Voice Agent Production Guide: LiveKit Agents from Prototype to Millions of Concurrent Calls

Voice AI agents are the next frontier. LiveKit (11k Stars, powering ChatGPT's Advanced Voice) offers a complete framework. This article breaks down the pipeline and walks through building production-ready voice agents.

AgentList Team · 2026年6月22日
语音 AgentLiveKit实时语音WebRTCVoice AISTTTTS

Why Voice Agents Are Different

Voice agents must deliver end-to-end latency under 500ms. A 3-second silence on a phone call means a dropped conversation — unlike chatbots where 2-5s is acceptable.

Pipeline Architecture

User Audio → VAD → STT → Agent (LLM) → TTS → User Audio
                  ↑_______________↓
              Turn Detection (Interruption Handling)

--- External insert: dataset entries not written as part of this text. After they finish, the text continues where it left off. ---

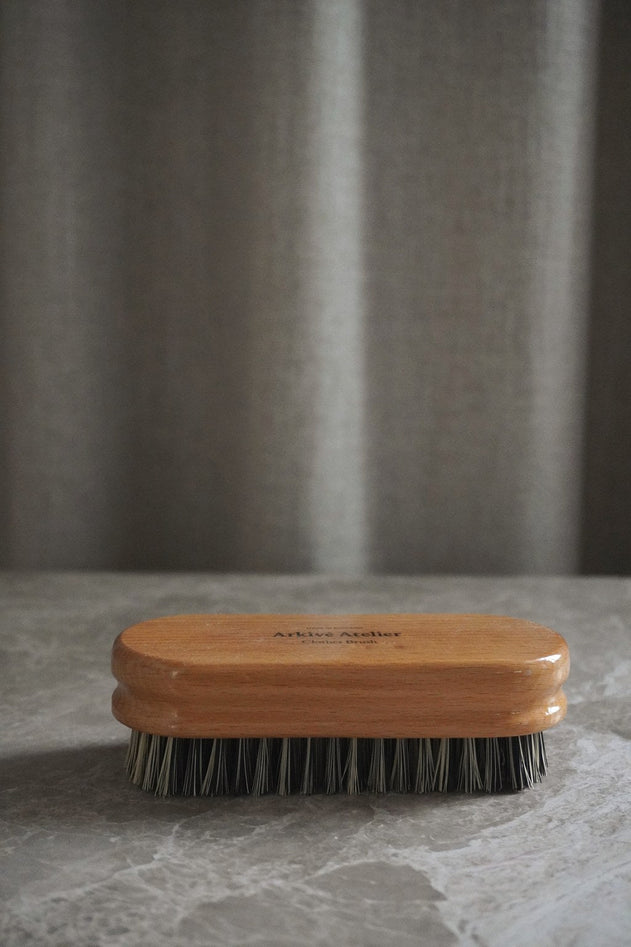 KENT. Clothes Brush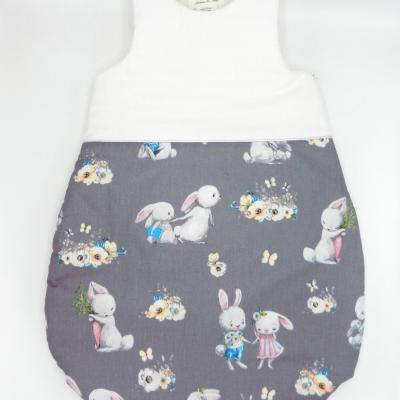 Gigoteuse évolutive lapins sur fond gris foncé et coton satiné à rayures blanches.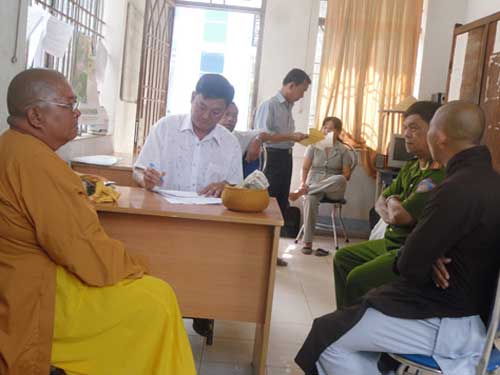 Sư dỏm hành nghề theo lịch lãnh lương của công nhân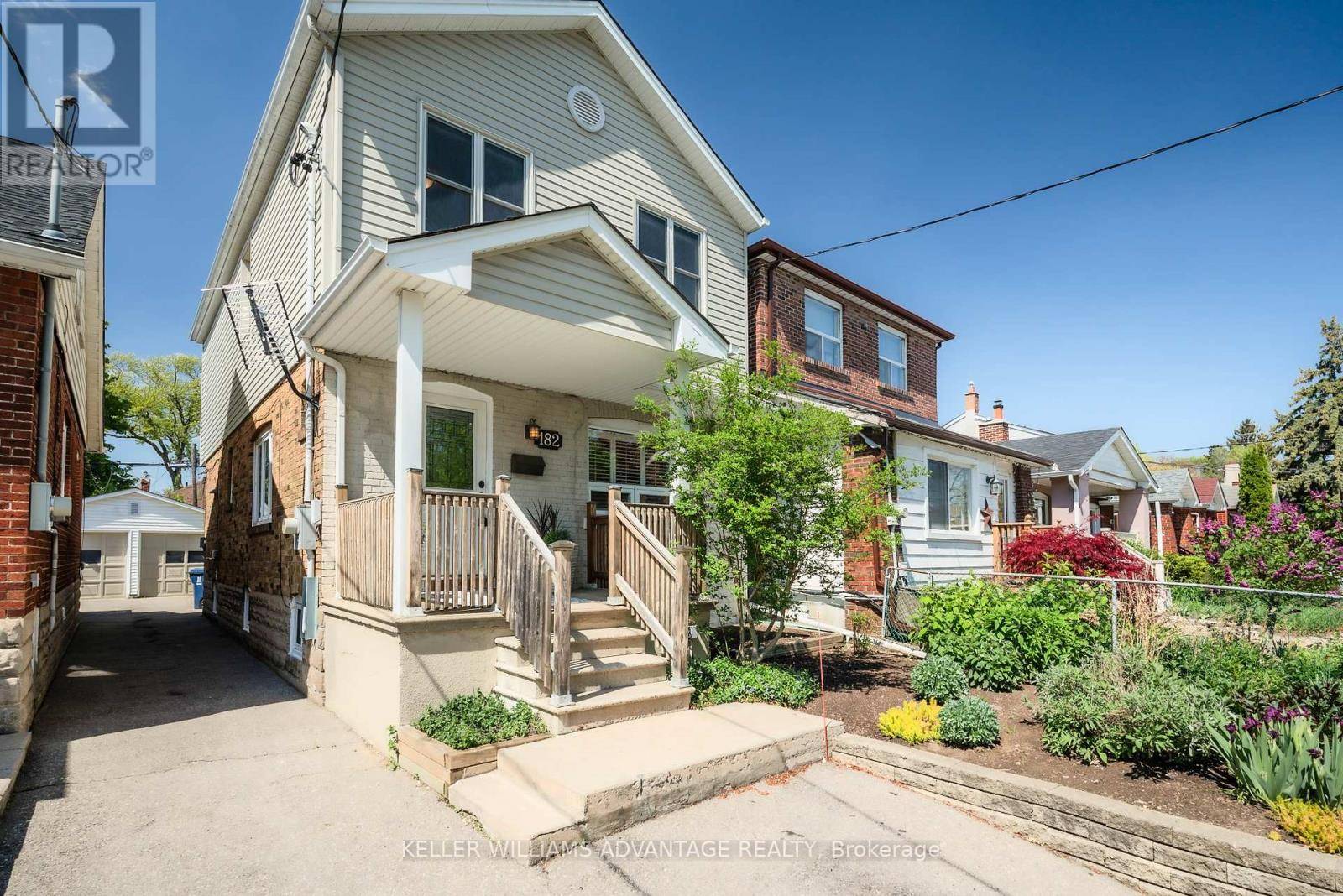 Toronto (danforth Village-east York), ON M4J1Z2,182 SAMMON AVENUE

Budget: VAD < 50ms, STT < 300ms, LLM < 200ms, TTS < 200ms. End-to-end target: 400-600ms.

LiveKit Agents Framework

livekit/agents (11.1k Stars, Apache 2.0) — powers ChatGPT's Advanced Voice mode. Built on LiveKit WebRTC SFU + Agent SDK (Python/Node.js) + plugin ecosystem.

STT plugins: Deepgram, OpenAI Whisper, Azure, and more. TTS plugins: Cartesia, ElevenLabs, OpenAI, Azure, Deepgram, and more. LLM plugins: OpenAI Realtime, GPT, Claude, Groq, Together, Ollama.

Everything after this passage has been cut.